Il capitalismo non è più in grado neanche di garantire quel minimo di benessere che ha portato lavoratori e lavoratrici all’accettazione della propria condizione di sfruttamento, ma riesce solo a generare una catastrofe dopo l’altra. La guerra imperialista in atto è una guerra dell’imperialismo mondiale contro il proletariato internazionale. Alla guerra imperialista, il proletariato può contrapporre solo la rivoluzione. Questa manovra è il riflesso di un’economia di guerra, di conseguenza la lotta rivoluzionaria contro la guerra passa anche per la lotta contro questa manovra, che va respinta con forza, così come va respinta con forza la strategia delle burocrazie confederali di lavorare insieme ai padroni per ricostruire il Paese.
Occorre ripartire dagli scioperi, anche se indetti dalle stesse burocrazie confederali.

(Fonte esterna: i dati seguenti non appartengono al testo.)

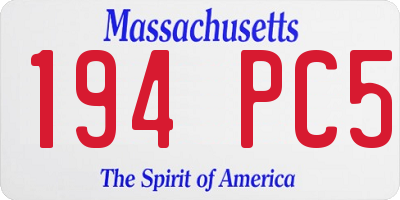 MA license plate 194PC5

L’invito al boicottaggio di scioperi che partono da necessità reali di miglioramenti delle condizioni di vita del proletariato è un’opera di crumiraggio che purtroppo si verifica abbastanza spesso e va condannata come reazionaria, anche di fronte a piattaforme e a direzioni più che discutibili. Pertanto dopo lo sciopero del sindacalismo di base del 2 dicembre, invitiamo tutti i lavoratori e le lavoratrici a partecipare anche agli scioperi generali territoriali indetti da CGIL e UIL tra il 12 e il 16 dicembre e a spingere affinché venga data continuità a questi percorsi di lotta che anzi vanno estesi su tutto il territorio nazionale.
Note
[1] “Istat, inflazione a novembre stabile a 11,8%: ancora in aumento i prezzi”, Open, 30/11/2022.
[2] La manovra di Heimlich è una tecnica di primo soccorso per la disostruzione delle vie aeree in caso di soffocamento.
[3] “Meloni: non va disturbato chi produce. Bonomi: pronti al confronto”, Il Sole 24 Ore, 28/11/2022.
[4] “Osservatorio Previdenza”, Cgil e Fondazione Di Vittorio, 30/11/2022.
[5] “Maurizio Landini: «Cosa han fatto di male i poveri a Meloni? Ora con Bonomi si dialoga»”, Il Fatto Quotidiano, 5/12/2022.